* _About this exercise_
What is wanted is the full listing, word for word, without its pictures.

* _Dataset extract_
------------------------------------------------

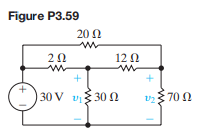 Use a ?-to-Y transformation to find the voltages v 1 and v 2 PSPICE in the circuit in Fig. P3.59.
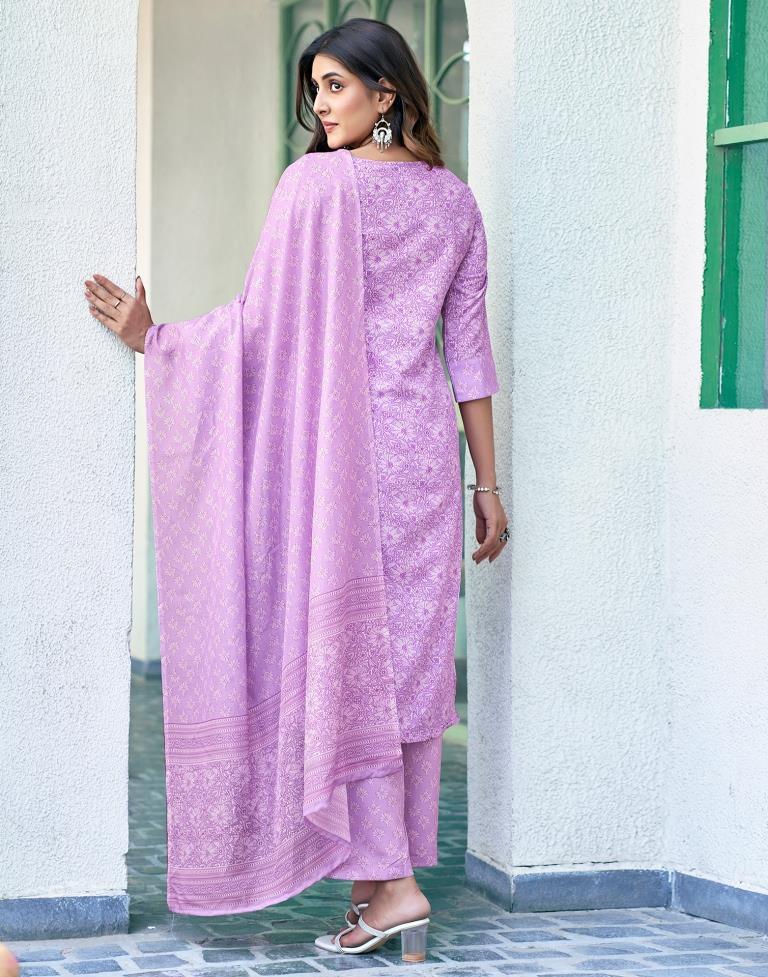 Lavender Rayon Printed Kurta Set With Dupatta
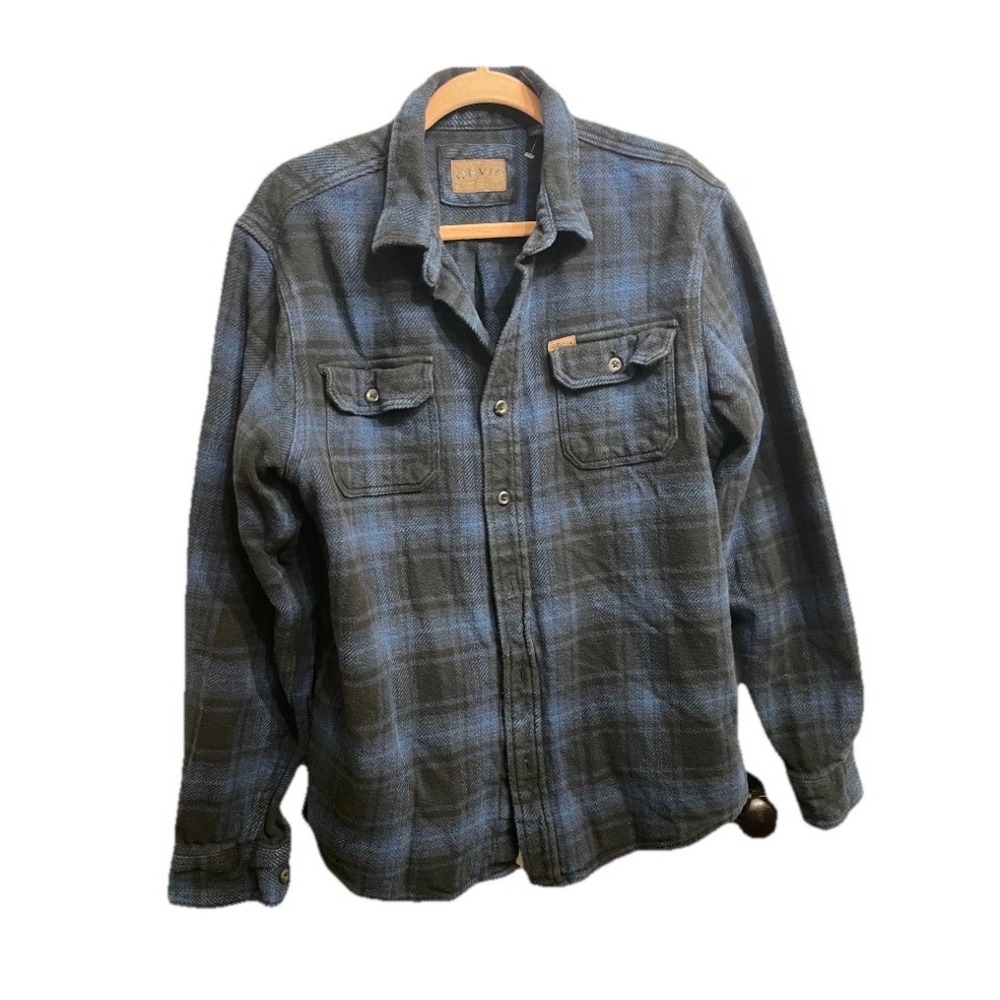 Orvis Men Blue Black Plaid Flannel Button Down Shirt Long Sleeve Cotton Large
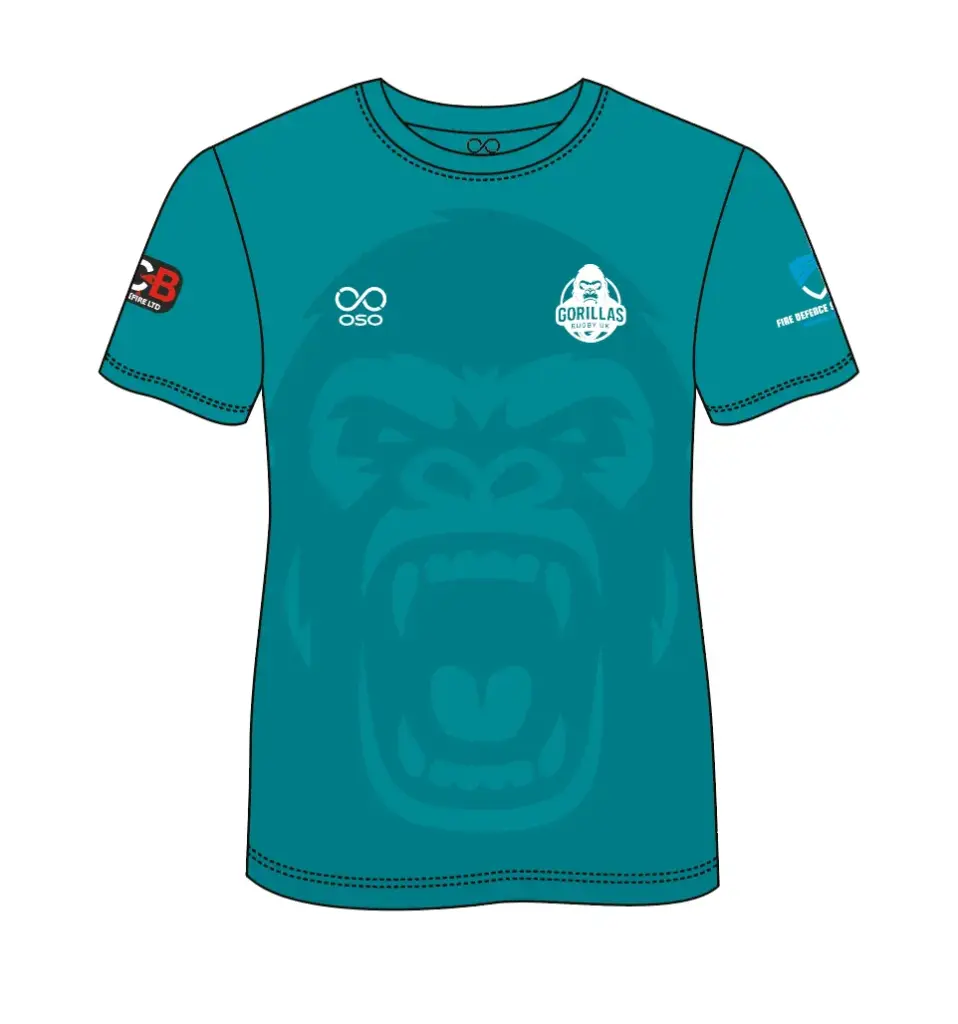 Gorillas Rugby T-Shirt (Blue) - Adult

------------------------------------------------

* _Completed task_
 Use a ?-to-Y transformation to find the voltages v 1 and v 2 PSPICE in the circuit in Fig. P3.59.
 Lavender Rayon Printed Kurta Set With Dupatta
 Orvis Men Blue Black Plaid Flannel Button Down Shirt Long Sleeve Cotton Large
 Gorillas Rugby T-Shirt (Blue) - Adult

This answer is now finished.